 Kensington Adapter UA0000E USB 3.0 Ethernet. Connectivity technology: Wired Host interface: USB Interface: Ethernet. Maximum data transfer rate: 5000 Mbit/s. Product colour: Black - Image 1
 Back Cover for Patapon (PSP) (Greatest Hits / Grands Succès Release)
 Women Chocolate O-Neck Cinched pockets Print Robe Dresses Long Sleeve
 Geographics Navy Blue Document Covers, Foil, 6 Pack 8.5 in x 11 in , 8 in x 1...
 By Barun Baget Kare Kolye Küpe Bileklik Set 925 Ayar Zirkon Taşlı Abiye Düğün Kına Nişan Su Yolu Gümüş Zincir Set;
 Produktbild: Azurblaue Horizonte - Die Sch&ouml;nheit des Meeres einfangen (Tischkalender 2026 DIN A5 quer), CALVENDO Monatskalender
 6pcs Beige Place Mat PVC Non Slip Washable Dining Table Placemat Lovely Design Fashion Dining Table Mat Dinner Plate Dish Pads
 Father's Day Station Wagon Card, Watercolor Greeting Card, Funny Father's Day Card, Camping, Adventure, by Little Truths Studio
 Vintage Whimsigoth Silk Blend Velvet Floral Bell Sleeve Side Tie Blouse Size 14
□ □ □ □
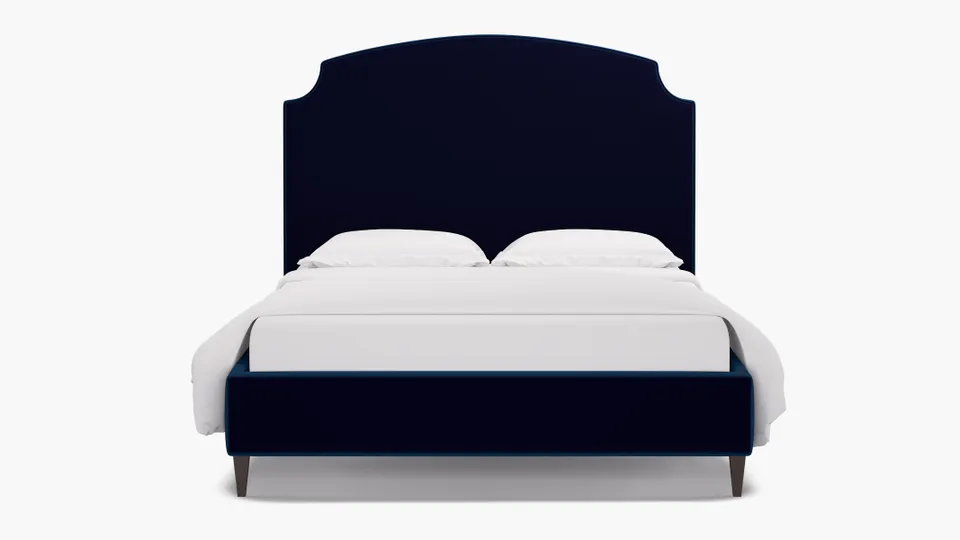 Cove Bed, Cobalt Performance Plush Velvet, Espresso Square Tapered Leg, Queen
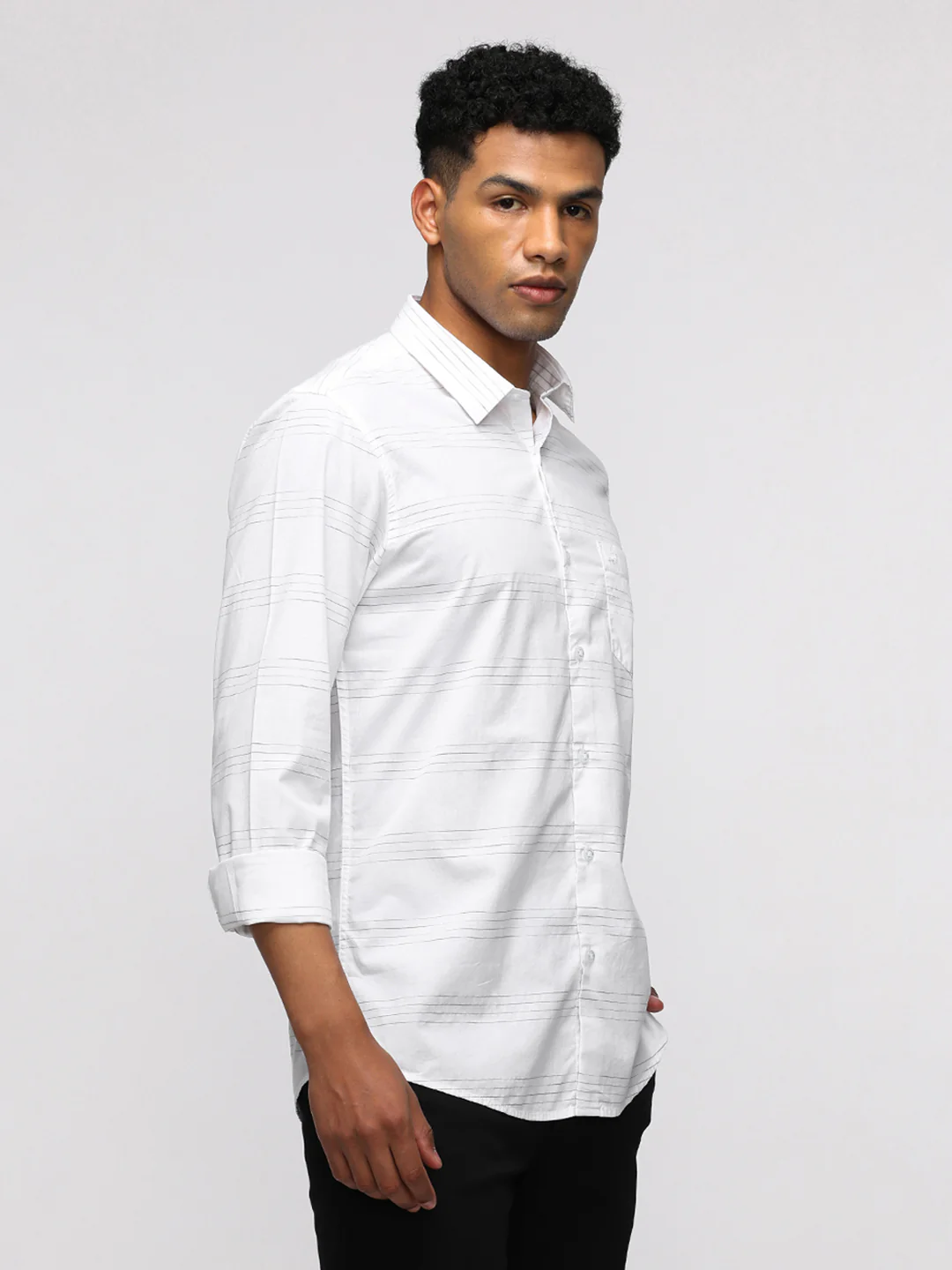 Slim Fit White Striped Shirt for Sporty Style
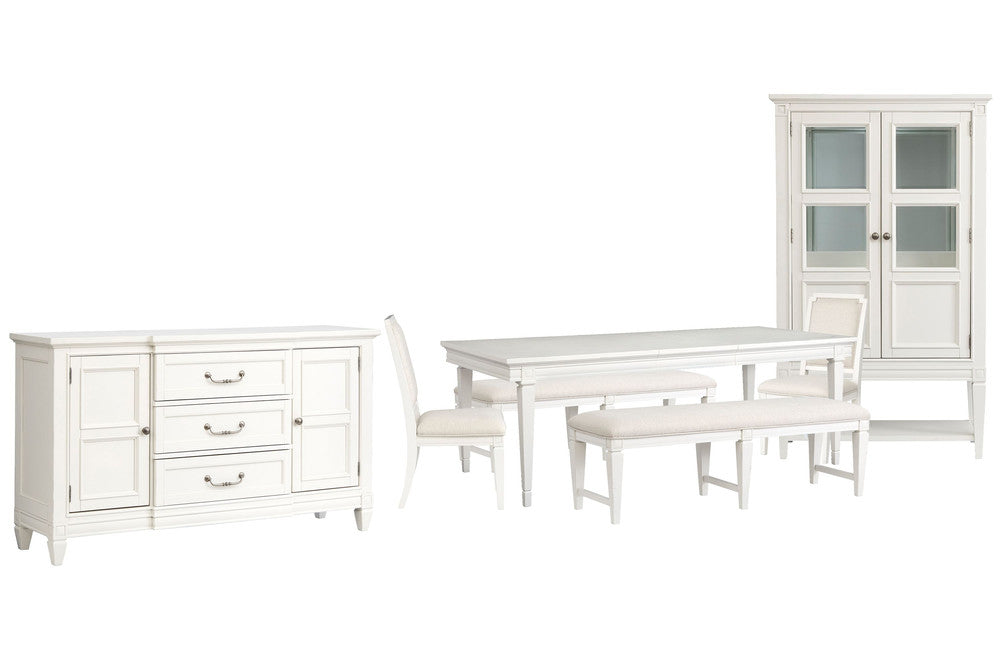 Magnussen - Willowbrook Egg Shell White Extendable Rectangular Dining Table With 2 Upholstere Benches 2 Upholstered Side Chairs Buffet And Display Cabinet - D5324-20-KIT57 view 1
□ □ □ □
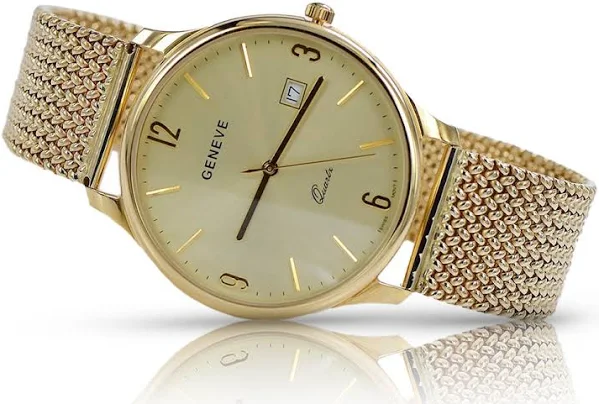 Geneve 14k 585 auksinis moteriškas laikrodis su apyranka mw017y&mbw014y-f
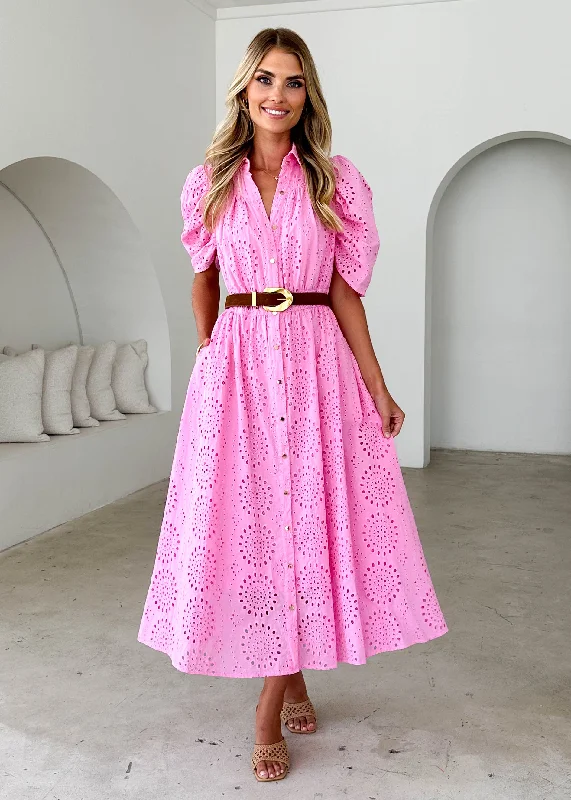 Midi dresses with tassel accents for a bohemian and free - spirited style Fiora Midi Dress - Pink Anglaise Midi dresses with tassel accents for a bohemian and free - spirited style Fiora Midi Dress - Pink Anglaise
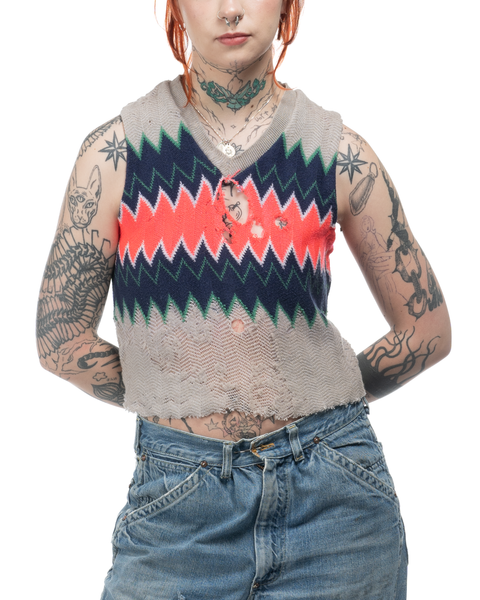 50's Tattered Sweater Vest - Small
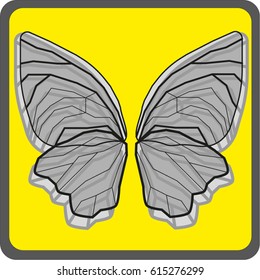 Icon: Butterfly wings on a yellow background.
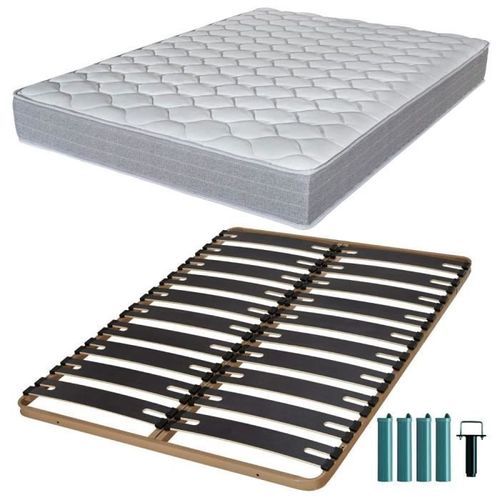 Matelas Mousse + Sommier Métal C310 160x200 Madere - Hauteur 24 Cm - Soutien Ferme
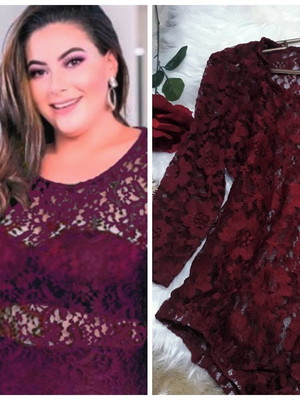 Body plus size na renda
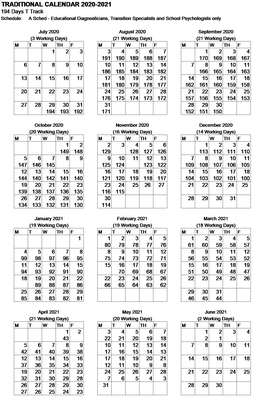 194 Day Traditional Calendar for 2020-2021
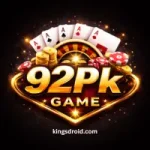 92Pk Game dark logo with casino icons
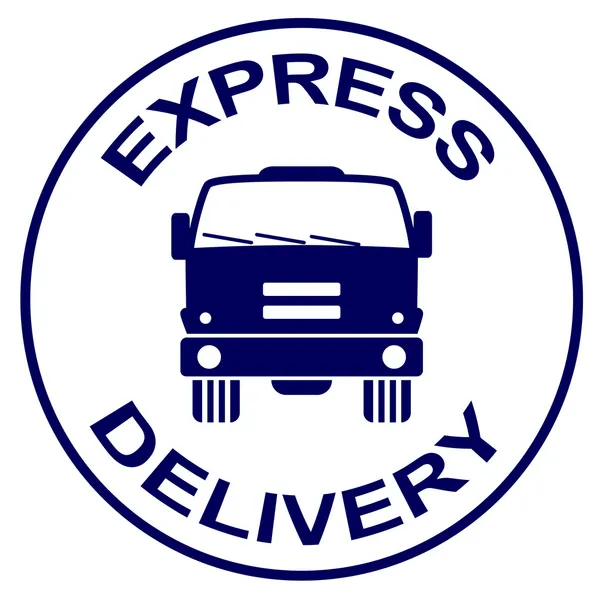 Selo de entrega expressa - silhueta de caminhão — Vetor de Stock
□ □ □ □
TASK BRIEF: The stretch of entries above that starts with the line containing "Geographics Navy Blue" and goes on through the line containing "Vintage Whimsigoth Silk" is to be transcribed exactly, and no other line is to be transcribed.

ANSWER SPACE:
 Geographics Navy Blue Document Covers, Foil, 6 Pack 8.5 in x 11 in , 8 in x 1...
 By Barun Baget Kare Kolye Küpe Bileklik Set 925 Ayar Zirkon Taşlı Abiye Düğün Kına Nişan Su Yolu Gümüş Zincir Set;
 Produktbild: Azurblaue Horizonte - Die Sch&ouml;nheit des Meeres einfangen (Tischkalender 2026 DIN A5 quer), CALVENDO Monatskalender
 6pcs Beige Place Mat PVC Non Slip Washable Dining Table Placemat Lovely Design Fashion Dining Table Mat Dinner Plate Dish Pads
 Father's Day Station Wagon Card, Watercolor Greeting Card, Funny Father's Day Card, Camping, Adventure, by Little Truths Studio
 Vintage Whimsigoth Silk Blend Velvet Floral Bell Sleeve Side Tie Blouse Size 14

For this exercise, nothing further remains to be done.